How Will You Know That Your Baby Is Growing Well Before and After the 34-week Scan?
The first ultrasound or sonogram is conducted between 6 and 8 weeks of pregnancy. Through this ultrasound, the doctor gets an idea of the growth of the baby. The doctor is able to monitor the baby’s milestones, spot anomalies, calculate the due date, check for signs of multiple pregnancies, and determine the position of the placenta. A pregnant woman may be offered a combination of prenatal screening tests during the first trimester (between 11 and 14 weeks of pregnancy) which include pappa test, nuchal translucency ultrasound, hCG (human chorionic gonadotropin) to determine the probable risk of a chromosomal disorder in the baby. In case the screening test is positive, further specific diagnostic tests like chorionic villus sampling (CVS), during the first trimester and amniocentesis during the second semester will be suggested. During the second trimester, pregnant women may also be offered maternal serum test and foetal DNA test.

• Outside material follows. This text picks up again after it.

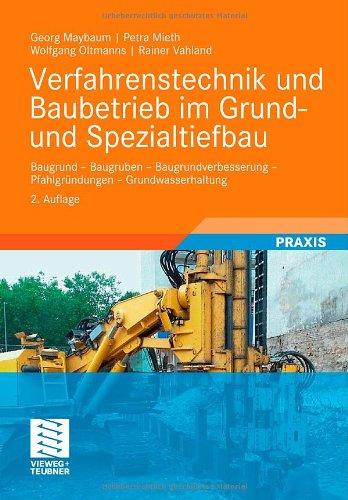 Verfahrenstechnik und Baubetrieb im Grund- und Spezialtiefbau: Baugrund - Baugruben - Baugrundverbesserung - Pfahlgründungen - Grundwasserhaltung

When a pregnant woman’s due date is near, i.e., between 34 and 40 weeks, another growth scan is carried out to assess the development of the baby and to check the weight and position of the baby. This is ascertained by measuring the biophysical profile of the baby. One may be suggested additional scans during the third trimester if there is any cause for concern. Regular scans are advised throughout the pregnancy if there are complications and high risk of abnormal obstetric results. Sometimes pregnant women develop gestational diabetes during the third trimester. A doppler scan is usually suggested in view of such a development. If the doctor suspects the baby to be in a breech position, closer to the due date (around 37 weeks), he may perform a scan to determine this and may suggest for a Caesarean-section. A Caesarean-section is also performed if a pregnant woman is diagnosed with placenta previa where the placenta is very close or over the cervix.
A pregnant woman with low PAPP-A levels may be suggested additional scans for early and prompt detection and management of probable adverse pregnancy results. Studies have still not established a conclusive connection between low PAPP-A levels and the amplified risk of pregnancy complications. Therefore, it is also believed that these screening tests may not be completely accurate. But the test may still be an indicator of some chromosomal abnormalities. So it is advisable to consult and discuss the results with your doctor at length.
Pregnancy brings with it a whole new set of changes and problems to watch out for, and regular testing and scans in this period are planned in order to keep a tab on all the stats which indicate the wellness of the baby and the mother. It is important to ensure that you go for all the prescribed tests and scans, and discuss and anomalies or discomfort with your doctor.